简体   繁体   English

从二进制文件读取并转换为两倍?

[英]Reading from binary file and converting to double?

I am trying to write a C program that reads a binary file and converts it to a data type. 我试图编写一个读取二进制文件并将其转换为数据类型的C程序。 I am generating a binary file with a head command head -c 40000 /dev/urandom > data40.bin . 我正在使用头命令head -c 40000 /dev/urandom > data40.bin生成一个二进制文件。 The program works for data types int and char but fails for double. 该程序适用于int和char数据类型,但不能执行double。 Here is the code for the program. 这是程序的代码。

void double_funct(int readFrom, int writeTo){
    double buffer[150];
    int a = read(readFrom,buffer,sizeof(double));
    while(a!=0){
        int size = 1;
        int c=0;

         for(c=0;c<size;c++){
            char temp[100];
            int x = snprintf(temp,100,"%f ", buffer[c]);
            write(writeTo, temp, x);
        }
        a = read(readFrom,buffer,sizeof(double));
    }
}

and this is the char function that works 这是有效的char函数

void char_funct(int readFrom, int writeTo){
    char buffer[150];
    int a = read(readFrom,buffer,sizeof(char));
    while(a!=0){
        int size = 1;
        int c=0;

        for(c=0;c<size;c++){
            char temp[100]=" ";
            snprintf(temp,100,"%d ", buffer[c]);
            write(writeTo, temp, strlen(temp));
        }
        a = read(readFrom,buffer,sizeof(char));
    }
}

The problem is that with char I need to get 40000 words with wc -w file and I get them. 问题是使用char我需要用wc -w file获取40000个单词,然后我将它们获取。 Now with double I get random amount of words but theoretically I should get 5000 from 40000 bytes of data but I get a random amount between 4000 and 15000 and for char I get 40000 like it should 1 byte for one character. 现在有了double我得到了随机的单词数量,但是理论上我应该从40000字节的数据中得到5000,但是我得到4000到15000之间的随机数,对于char我得到40000,就像它应该为一个字符提供1个字节。

I don't know what is wrong the same code works for int where I get 10000 words from 40000 bytes of data. 我不知道这是什么错误,相同的代码适用于int ,我从40000字节的数据中获得10000个单词。
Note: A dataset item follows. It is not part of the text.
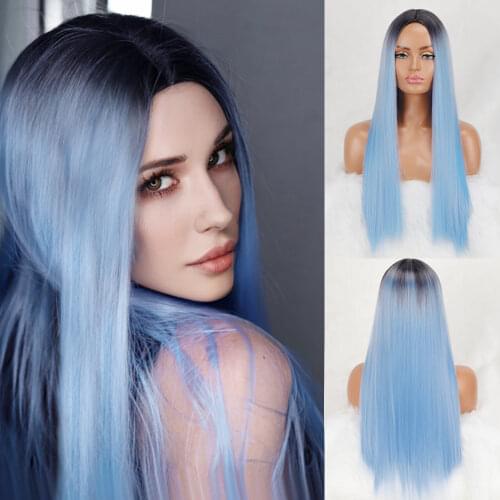 Long Straight Synthetic Wig Light Blue Ombre Wigs for Women Mixed Black and Blonde Wig Middle Part Nature Hair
The main problem seems to be that your temp array is not large enough for your printf format and data. 主要问题似乎是您的temp数组不足以容纳您的printf格式和数据。 IEEE-754 double s have a decimal exponent range from from -308 to +308. IEEE-754 double的十进制指数范围为-308至+308。 You're printing your doubles with format "%f" , which produces a plain decimal representation. 您正在以"%f"格式打印双打,这将产生纯十进制表示形式。 Since no precision is specified, the default precision of 6 applies. 由于未指定精度,因此默认精度为6。 This may require as many as 1 (sign) + 309 (digits) + 1 (decimal point) + 6 (trailing decimal places) + 1 (terminator) chars (a total of 318), but you only have space for 100. 这可能需要多达1(符号)+ 309(数字)+1(小数点)+6(尾随小数位)+1(终止符)字符(共318个),但是您只能容纳100个空间。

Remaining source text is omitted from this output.